#### Task description
What is the count of lines in the data that hold the string "view"? State the number alone.

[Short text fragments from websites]

-.-.-

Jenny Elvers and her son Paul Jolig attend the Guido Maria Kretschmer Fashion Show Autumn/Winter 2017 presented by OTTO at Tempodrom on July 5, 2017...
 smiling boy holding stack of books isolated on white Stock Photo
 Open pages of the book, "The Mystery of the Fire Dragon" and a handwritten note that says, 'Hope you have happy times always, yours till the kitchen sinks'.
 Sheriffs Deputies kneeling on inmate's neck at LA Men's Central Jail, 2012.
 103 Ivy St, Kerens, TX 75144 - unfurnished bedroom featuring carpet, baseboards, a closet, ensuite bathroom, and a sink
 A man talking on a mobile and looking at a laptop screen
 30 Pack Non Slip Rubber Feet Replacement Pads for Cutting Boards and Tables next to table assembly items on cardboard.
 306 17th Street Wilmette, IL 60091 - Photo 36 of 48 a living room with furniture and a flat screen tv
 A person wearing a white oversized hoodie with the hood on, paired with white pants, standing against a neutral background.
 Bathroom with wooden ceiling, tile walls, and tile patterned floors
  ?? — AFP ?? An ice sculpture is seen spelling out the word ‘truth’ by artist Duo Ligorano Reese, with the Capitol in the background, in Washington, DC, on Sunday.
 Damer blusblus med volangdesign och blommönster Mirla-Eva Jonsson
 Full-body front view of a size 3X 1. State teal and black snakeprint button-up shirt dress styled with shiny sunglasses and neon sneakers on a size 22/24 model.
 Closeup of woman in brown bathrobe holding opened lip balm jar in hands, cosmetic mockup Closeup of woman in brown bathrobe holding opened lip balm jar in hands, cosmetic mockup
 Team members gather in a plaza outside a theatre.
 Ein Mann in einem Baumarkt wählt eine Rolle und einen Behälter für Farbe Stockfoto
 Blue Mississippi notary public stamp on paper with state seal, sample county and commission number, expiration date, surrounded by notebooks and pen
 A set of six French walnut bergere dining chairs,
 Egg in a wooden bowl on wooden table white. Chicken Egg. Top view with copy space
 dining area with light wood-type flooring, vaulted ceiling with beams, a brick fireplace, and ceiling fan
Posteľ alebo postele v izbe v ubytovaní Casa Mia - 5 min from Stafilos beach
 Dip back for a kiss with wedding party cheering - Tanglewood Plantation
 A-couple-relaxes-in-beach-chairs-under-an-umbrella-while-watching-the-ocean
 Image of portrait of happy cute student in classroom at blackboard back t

-.-.-

#### Output below
2